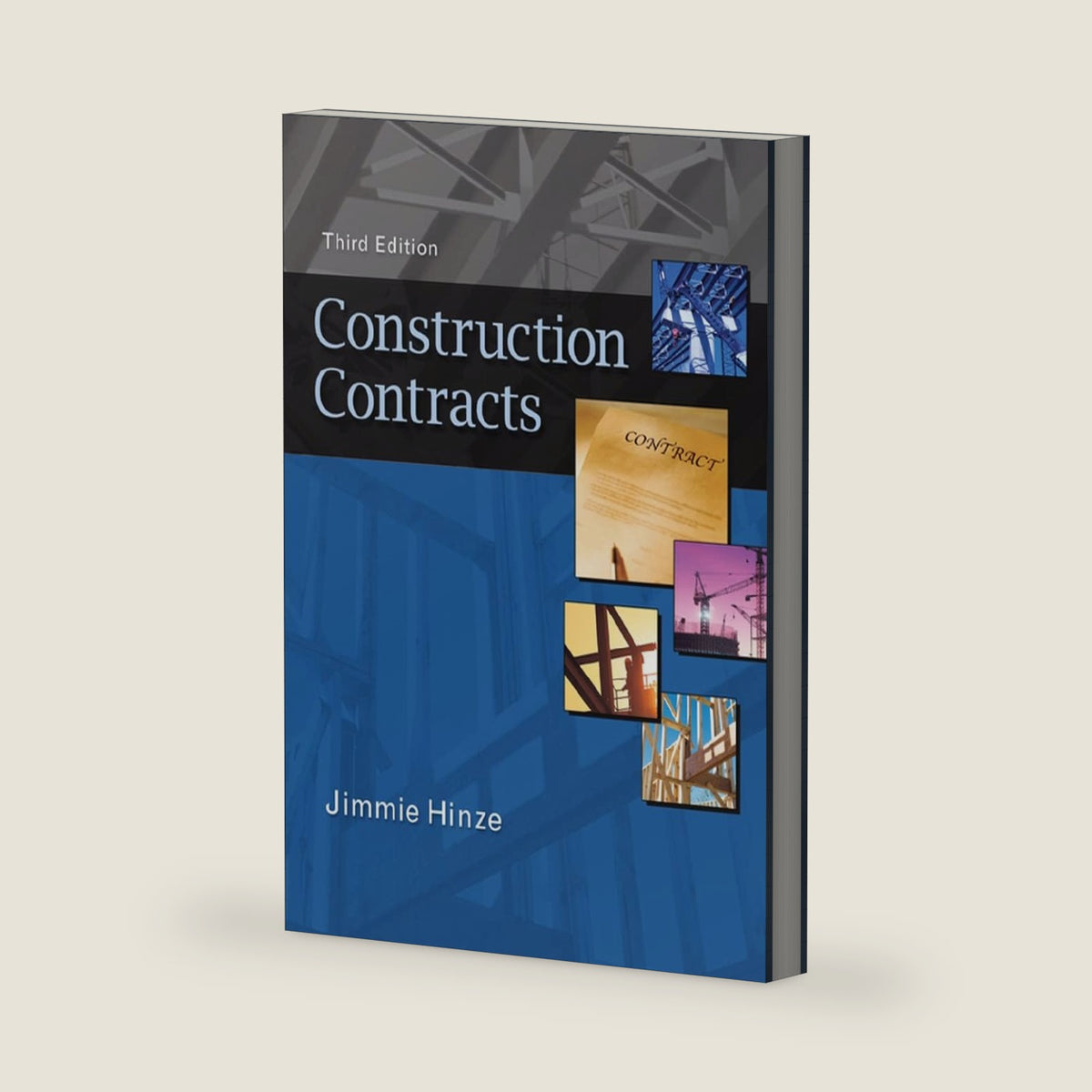 Construction Contracts by Jimmie Hinze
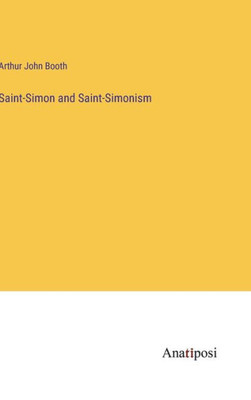 Saint-Simon And Saint-Simonism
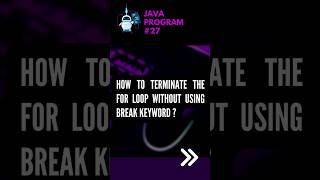 Guess how to terminate the for loop without using the break keyword in java? #programming #java Switch Statement Example Without Break Keyword In Java Gokulcoder Shorts Javaprogramming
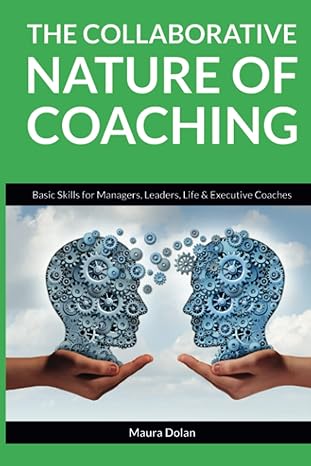 the collaborative nature of coaching basic skills for managers leaders life and executive coaches 1st edition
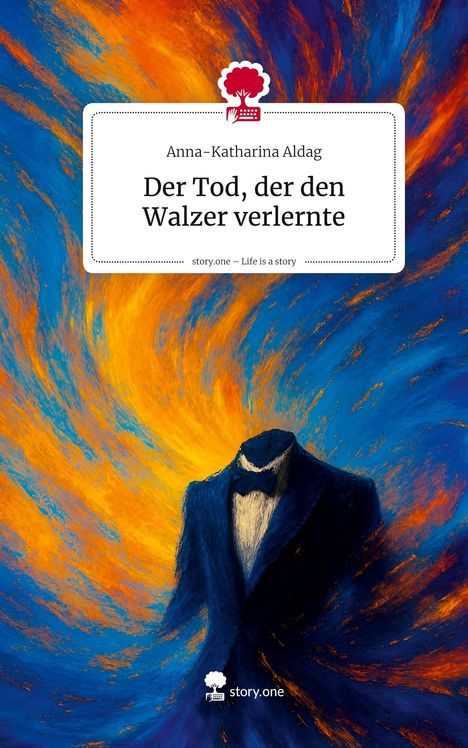 Anna-Katharina Aldag: Der Tod, der den Walzer verlernte. Life is a Story - story.one, Buch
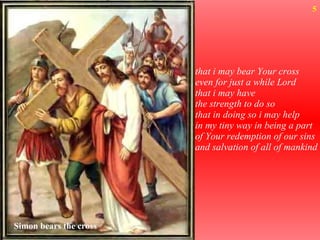 that i may bear Your cross even for just a while Lord that i may have the strength to do so that in doing so i may help in my tiny way in being a part of Your redemption of our sins and salvation of all of mankind Simon bears the cross 5 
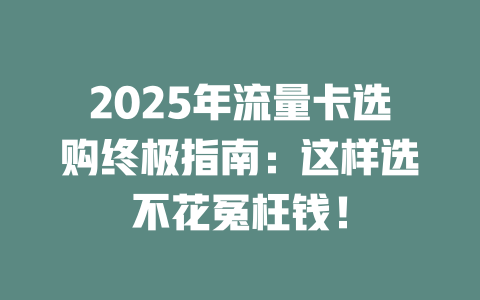 2025年流量卡选购终极指南：这样选不花冤枉钱！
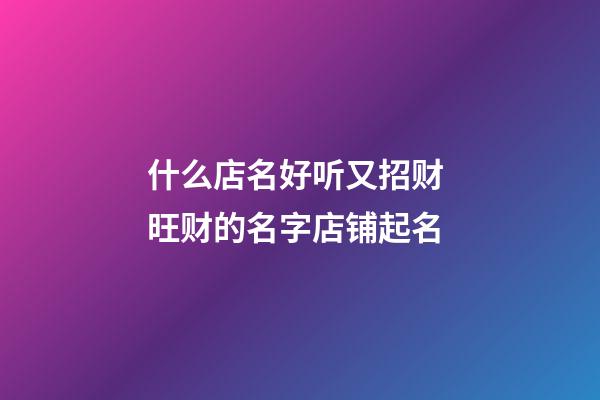 什么店名好听又招财 旺财的名字店铺起名-第1张-店铺起名-玄机派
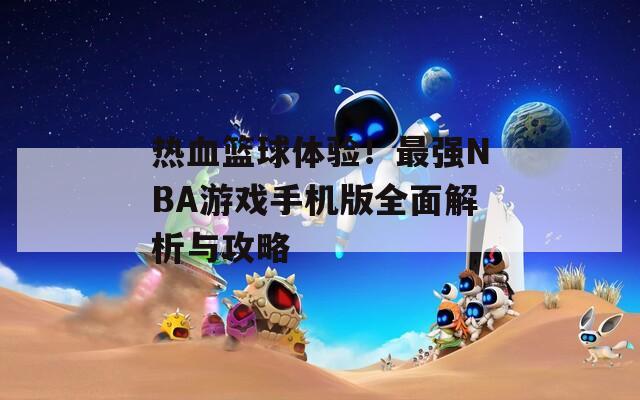 热血篮球体验！最强NBA游戏手机版全面解析与攻略  第1张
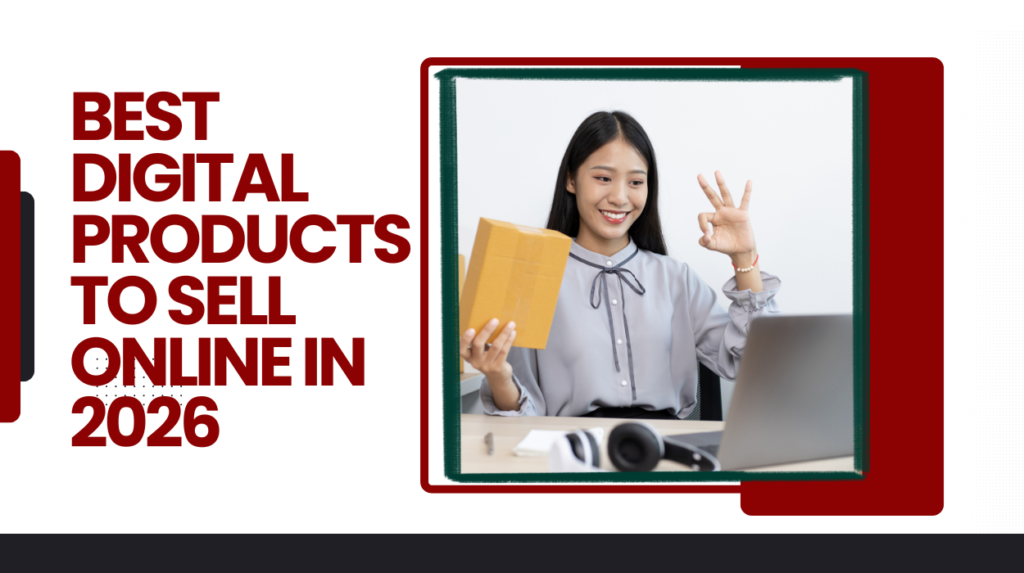Best Digital Products to Sell Online in 2026 Digital Products to Sell Online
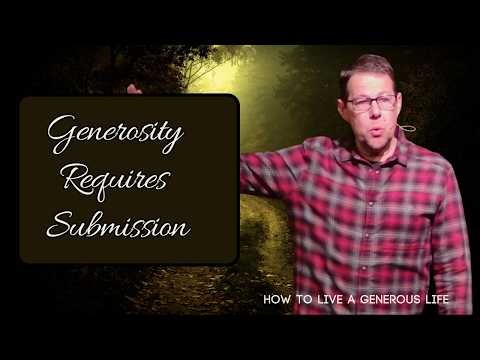 Generosity Requires Submission | How to Live a Generous Life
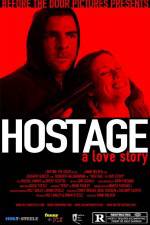 Watch Hostage A Love Story Vodlocker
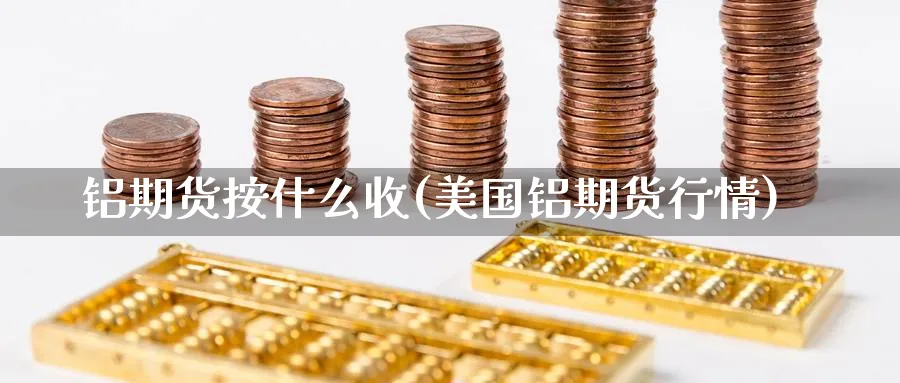 铝期货按什么收(美国铝期货行情) (https://www.haizilaw.com/) 期货百科 第1张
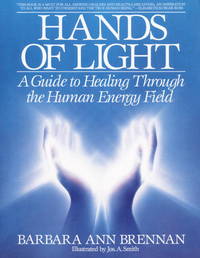 Hands of Light: A Guide to Healing Through the Hum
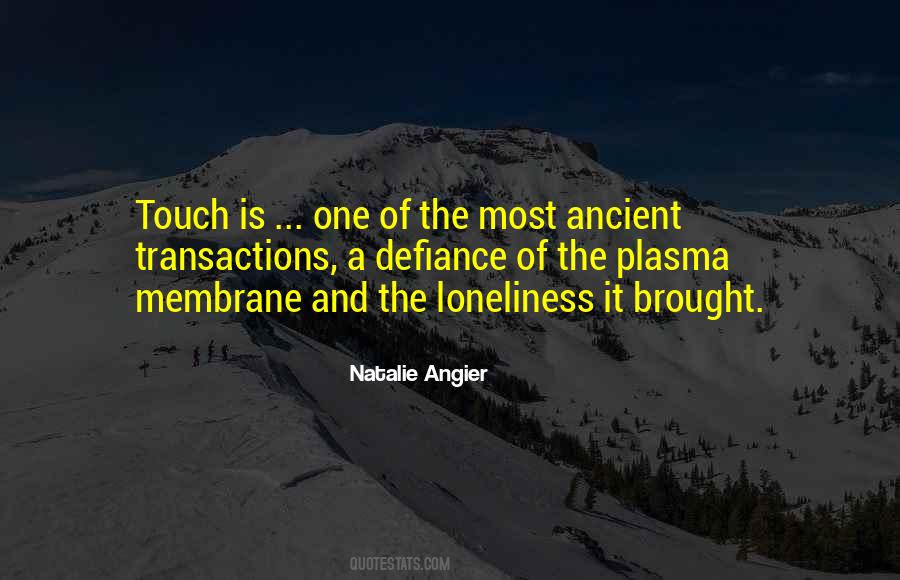 Quotes About One Touch #101797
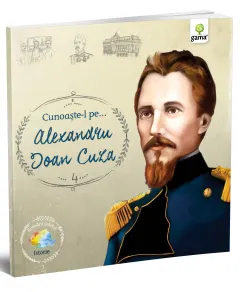 Coperta cărții Cunoaste-l pe…Alexandru Ioan Cuza |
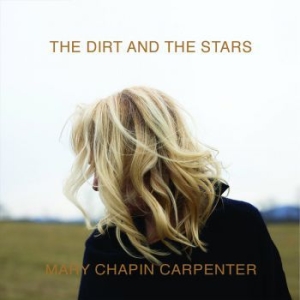 Carpenter Mary Chapin - Dirt & The Stars in der Gruppe CD bei Bengans Skivbutik AB (3806624)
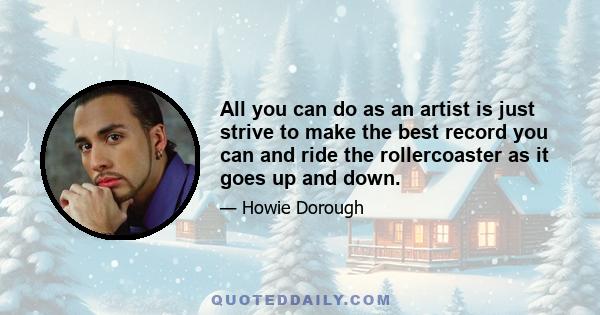 All you can do as an artist is just strive to make the best record you can and ride the rollercoaster as it goes up and down.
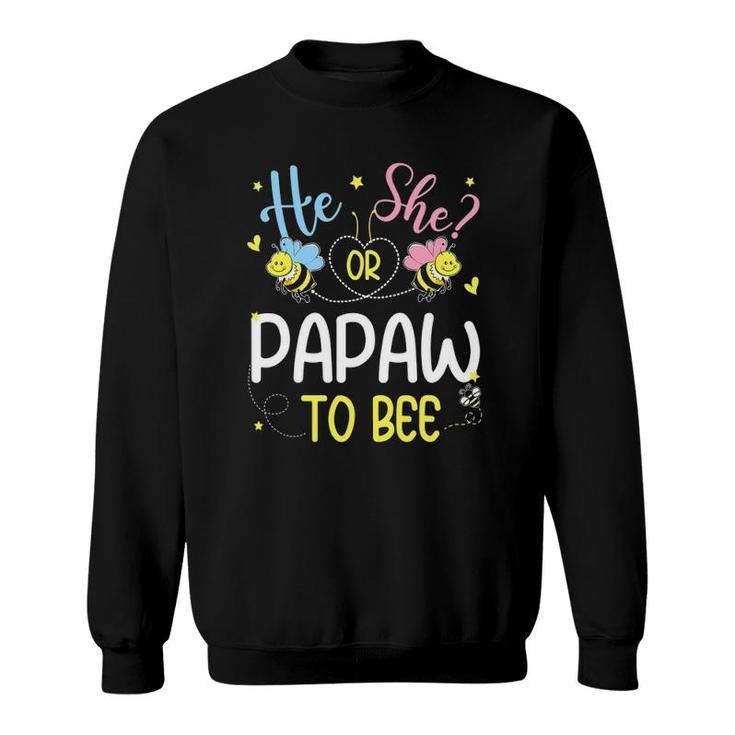 He Or She Papaw To Bee Gender Reveal Funny Sweatshirt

PROBLEM STATEMENT: A verbatim copy is needed of the lines running from the line with "All you can" to the end of the data above, both included. Keep the pictures out of it.

SOLUTION FOR THIS EXERCISE:
 All you can do as an artist is just strive to make the best record you can and ride the rollercoaster as it goes up and down.
 He Or She Papaw To Bee Gender Reveal Funny Sweatshirt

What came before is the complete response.